For example, the character "A" has a value of 65 (in decimal). This means it would be stored in memory as: 01000001.
Since writing in binary can be space and time-consuming, we can use the hexadecimal equivalent instead. So the character "A" can be represented as 41.
Exercise 1: Decode the following hexadecimal ASCII encoded text: 48 65 6C 6C 6F 20 77 6F 72 6C 64 21
Exercise 2: Encode the following text using ASCII (in hexadecimal): That's All Folks!
You can find a list of how each character is represented in ASCII here.
Since ASCII can be used to represent only 128 characters, it isn't enough for all the different characters in various languages.
An attempt to fix this issue was to make the left-most bit that is unused in ASCII do something. This gave birth to ISO 8859.
The ISO 8859 family is a series of 10 different standards that are a superset of ASCII.

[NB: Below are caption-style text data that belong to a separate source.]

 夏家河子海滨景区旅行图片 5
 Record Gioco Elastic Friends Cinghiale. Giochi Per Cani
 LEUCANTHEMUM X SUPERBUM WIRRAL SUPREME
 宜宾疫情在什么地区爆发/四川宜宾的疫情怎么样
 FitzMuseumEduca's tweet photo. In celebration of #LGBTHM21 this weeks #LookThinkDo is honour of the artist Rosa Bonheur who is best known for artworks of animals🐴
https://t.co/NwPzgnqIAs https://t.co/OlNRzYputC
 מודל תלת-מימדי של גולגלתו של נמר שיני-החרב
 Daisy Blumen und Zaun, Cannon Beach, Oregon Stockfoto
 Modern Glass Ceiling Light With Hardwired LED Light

In each of these standards, when the left-most bit is 0, the remaining bits represent ASCII characters as usual.
When the left-most bit is 1, each of the standards use the remaining 7 bits to represent 128 new characters.

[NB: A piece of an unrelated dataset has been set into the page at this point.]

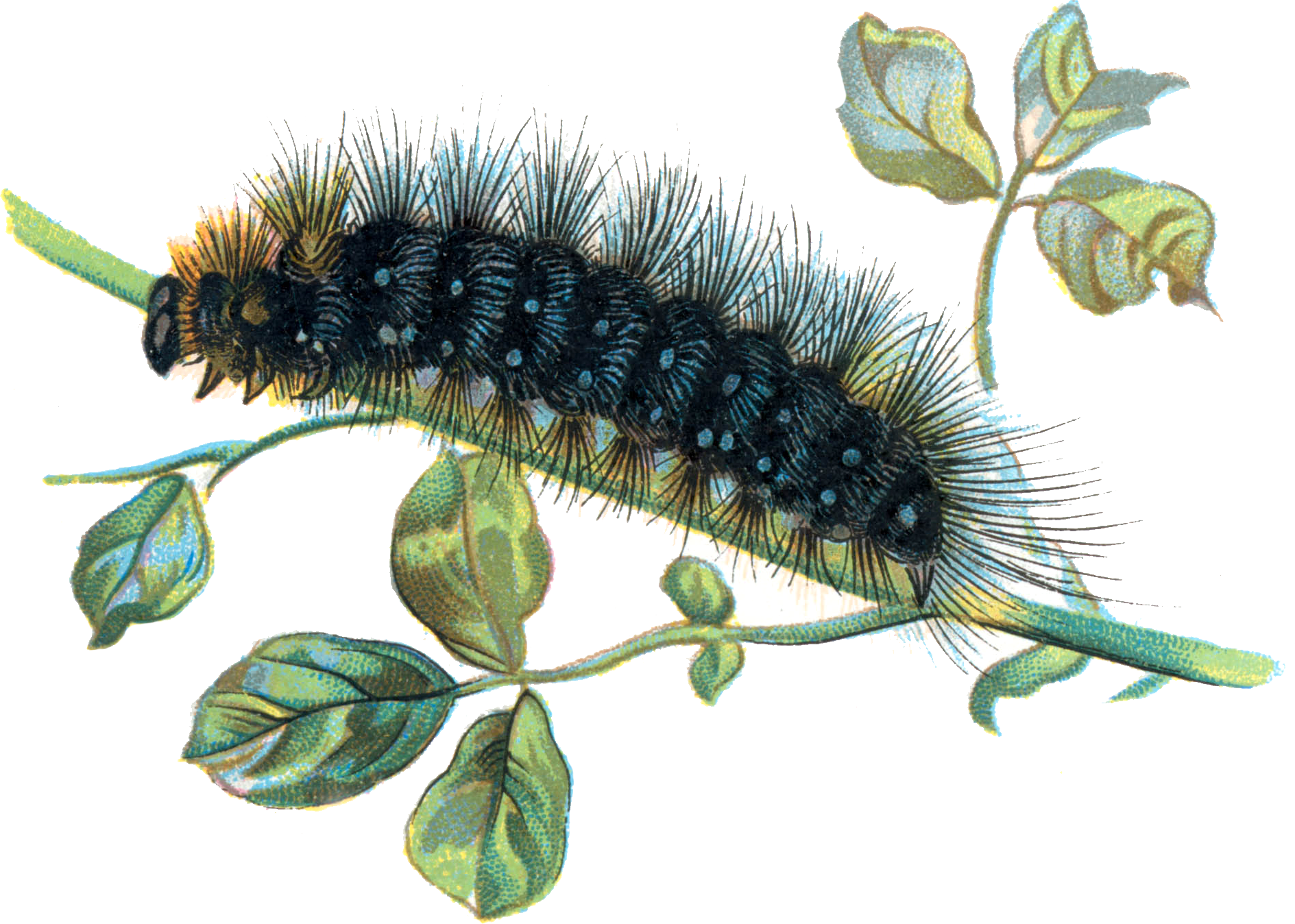 Caterpillar Png Transparent PNG Image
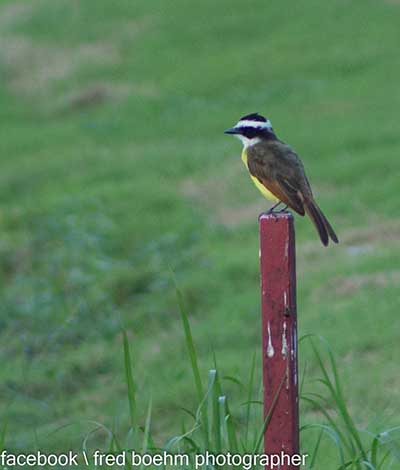 Cozumel Bird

You can find a list of all the characters represented by each of the standards when the left-most bit is 1 here.
Although this doubled the number of characters that could be represented, this free-for-all ended up with so many different characters being represented in the extra space created for 128 new characters. And if you saved data using a computer that used one standard and read it in a computer that used another one, you wouldn't be able to make sense of the message since the ASCII characters would be the same, but the extra 128 characters would now be displayed differently.
Also, a total of 256 characters was still not enough for all the languages in the world that collectively have thousands of letters!
The solution to the problem of representing thousands of different characters across different languages turned out to be: splitting character sets and character encodings.
A character set is a mapping of a single character to unique numbers. These numbers are called code points.
A character encoding is a mapping of these code points to actual bytes that are stored in a computer.
Unicode is a character set - it is a mapping of over 140,000 characters to a unique number. You can find a complete list of all characters and their corresponding numeric value on the Unicode homepage.
Unicode values are usually represented by "U+" followed by hexadecimal numbers, e.g. U+0033 is the Unicode number for the digit "3".
The way these decimal numbers are stored as bytes in a computer's memory depends on the character encoding used, e.g. UTF-8, UTF-16 and UTF-32.
UTF-8 is a variable encoding format. This means that a fixed number of bytes cannot be used to represent every character like in ASCII. Each character can be between 1 to 4 bytes long.
All code points between 0 - 127 are the same as ASCII and are also stored in a single byte with the left-most bit set to 0. Therefore, all valid ASCII is valid UTF-8.
Exercise 3: Encode the following text from exercise 2 using UTF-8 (in hexadecimal): That's All Folks!
All code points above 127 require multiple bytes to be encoded. The number of left-most 1s followed by a 0 in the first byte indicates how many bytes are there are in the encoding.
Similarly, three-byte encodings would have the format
1110XXXX 10XXXXXX 10XXXXXX.
Xs are the positions that can be used to store the actual encoding of the character in binary format. However, not all two-byte encodings that have this format are valid.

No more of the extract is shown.